沖縄本島でバイオガス発電、下水から2300世帯分の電力を作ってCO2削減:自然エネルギー(2/2 ページ)
すでに発電設備の設計・施工が9月中旬から始まっている。運転開始の時期は発電規模の大きい宜野湾で2016年10月、具志川では同年4月の予定だ。下水の処理で発生するバイオガスを利用した電力は固定価格買取制度で1kWhあたり39円(税抜き)の買取価格が20年間にわたって保証される。2カ所の合計で年間に3億2000万円の売電収入になる。
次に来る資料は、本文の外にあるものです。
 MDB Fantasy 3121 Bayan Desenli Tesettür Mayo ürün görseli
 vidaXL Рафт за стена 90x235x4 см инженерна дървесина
浄化センターでは周辺地域から集めた下水を処理するために、汚泥部分を発酵させて容量を削減する方法が一般的にとられる。この処理によって「消化ガス」と呼ぶ生物由来のバイオガスが大量に発生する(図4)。
図4 宜野湾浄化センターの消化ガス発生量と用途(2013年度)。出典:沖縄県土木建築部
従来はガスの一部を燃焼して、発酵に必要な温水を作っていた。それでも余剰分が発生するために焼却処理が必要だった。バイオガス発電設備を導入すると、余剰分を発電に利用できるうえに、発電に伴う熱で発酵用の温水を作ることも可能になる。2カ所の浄化センターでは発電事業者から無償で温水の供給を受ける契約になっている。
沖縄県は公募を通じて発電事業者を選定した。宜野湾では東芝を中心とする連合体が設立した「かりゆしバイオマスパワー」が事業を担当する一方、具志川では水道設備や電気工事の専門企業4社による「NOSAバイオエナジー」が事業を推進していく。